Tuesday, August 12, 2008

From Tragedy to Triumph

When I was very young, I remember this little blond girl who lived about a block away. She was the oldest of several little girls. I also remember when her mother tragically died a few days after giving birth to her last little girl. I remember well, just how much this tragedy affected her, being the oldest, and really being the only one old enough to understand the gravity of the loss. Her father remarried a woman who also had girls of similar age to the girls he had from his late wife. Katie, as I'll call her then faced the new challenge of trying to get along with new sisters. It didn't help that her new sister, her age, was beauty queen pretty, and was very popular.

Knowing the family well, I watched from a distance the struggles Katie went through, the feelings of inadequacy that would sometimes come to the surface. I always felt a great deal of empathy for her and her situation. Katie went on to marry, and raise a wonderful family. I remember running into her years later at a community event. She had organized the whole thing, and after talking to her, it dawned on me that she had done this before, many times. And she does it quietly, often with little or no recognition. And as I got to talk to her son, it was also apparent to me what a wonderful parent and role model she was.

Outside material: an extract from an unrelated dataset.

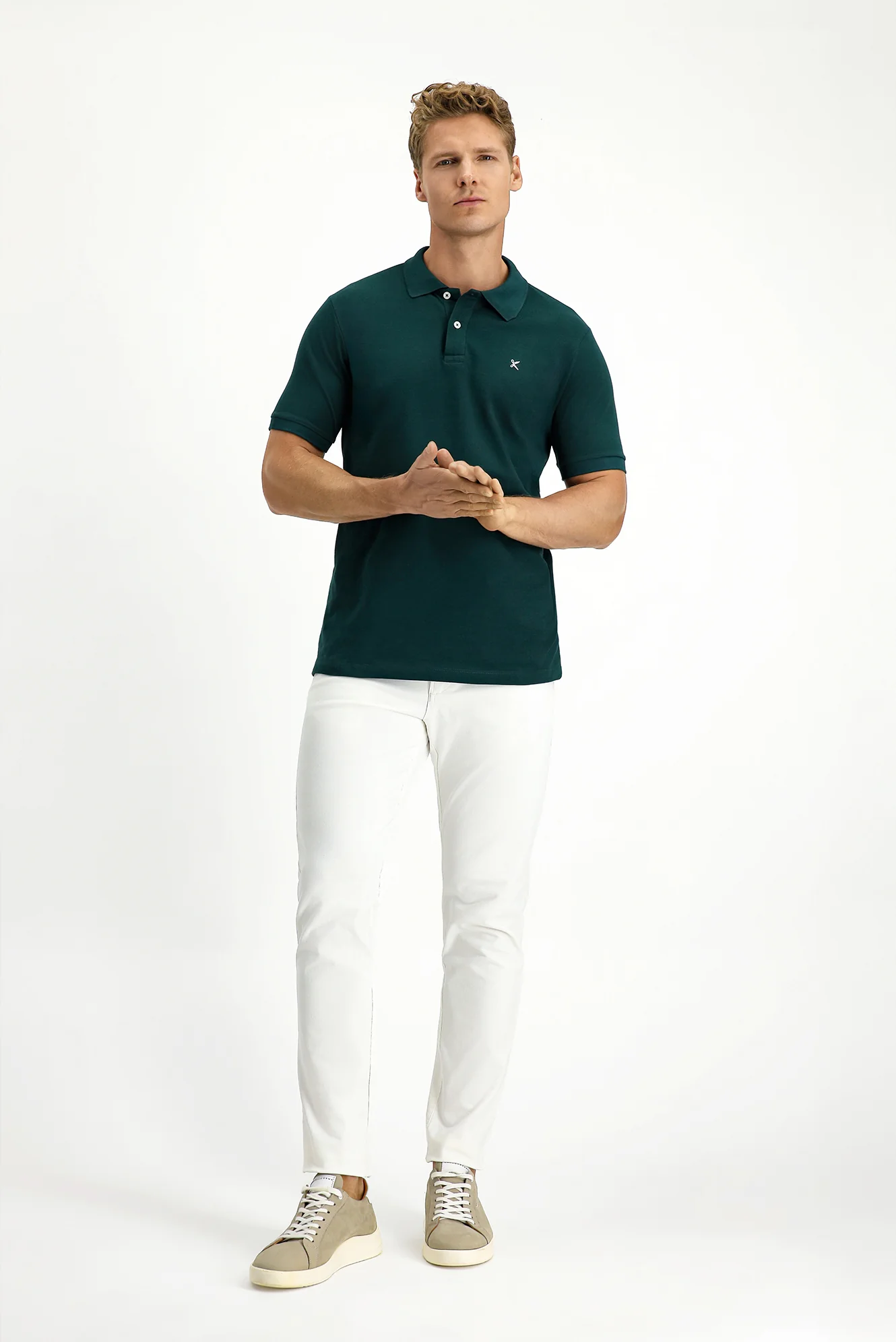 Koyu Yeşil Polo Yaka Slim Fit Nakışlı %100 Pamuk Tişört - Image 2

I came away with a great deal of respect for Katie. She overcame alot of heart-ache as a child from the various tramas she endured, but came away strong, resourceful and committed to her family and community. As I temporarily part from politics, it is my memories of people like Katie that recharge my batteries. Thanks Katie.

2 comments:

bekkieann said...

Thanks for this positive message. My sisters and I had a similar discussion recently about our own growing up, and how as adults it's important to learn from our childhood challenges and not be encumbered by them. It does my heart good to read experiences like this one.

Obi wan liberali said...

I've always admired those who overcame obstacles. I had it pretty easy compared to most. My mother lost her father at age eight, and I've often wondered how this affected her.